The tech giant is the first company to hit a market capitalisation of $3 trillion. How do its closest competitors stack up?
It took just 17 months for Apple Inc’s stock market valuation to surge from $2 trillion to $3 trillion. Shares of the iPhone maker briefly hit $182.88 during trading on Monday – enough to secure Apple the coveted crown of becoming the first publicly traded company on the planet to cross the $3 trillion market capitalisation mark.
Market capitalisation or “market cap” is a measure of a company’s total market dollar value based on its stock price, and is calculated by multiplying the total number of a company’s outstanding shares by the current market price of one share.
If Apple was a country
Since January 2007, when the late Apple co-founder and CEO Steve Jobs unveiled the first iPhone, shares of the Silicon Valley giant have gained 5,800 percent.

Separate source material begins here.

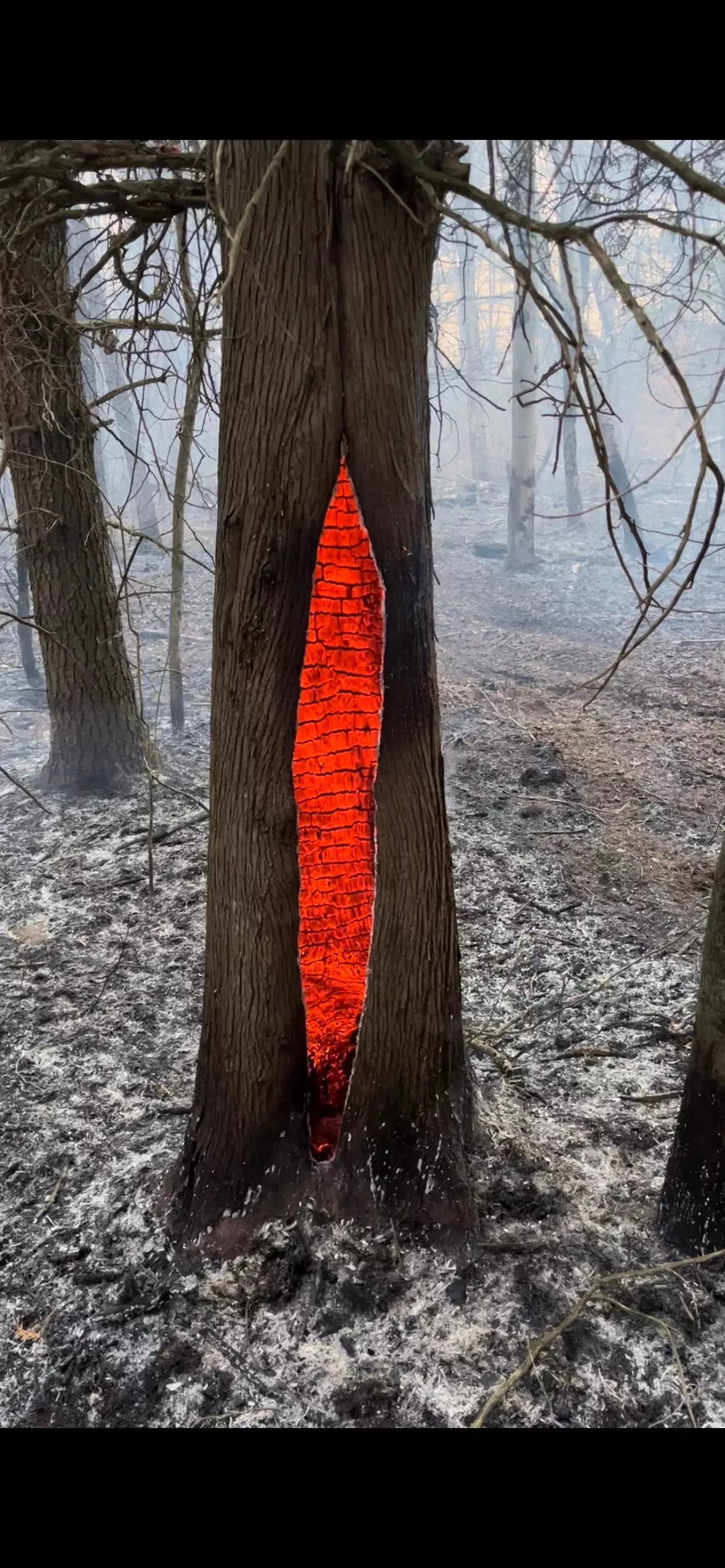 Are Those Bricks? What's Causing This Upstate NY Tree To Glow Red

Hitting $3 trillion is another historical moment for Apple. To put that into perspective, Apple’s value now surpasses the nominal gross domestic product (GDP) of six of the world’s top 10 economies, including the United Kingdom ($2.71 trillion), India ($2.62 trillion), France ($2.60 trillion), Italy ($1.89 trillion), Canada ($1.64 trillion) and South Korea ($1.63 trillion).
How Apple has grown (2001-22)
Apple’s rise has been relentless in recent years. Back in August 2018, it became the first United States firm to surpass $1 trillion in market value. It blew past the $2 trillion mark only two years later in August 2020.
Apple is now at the top of the pyramid among all global companies by market cap, followed by Microsoft ($2.52 trillion), Alphabet ($1.92 trillion) then Saudi Aramco ($1.91 trillion) as a non-tech company in fourth place.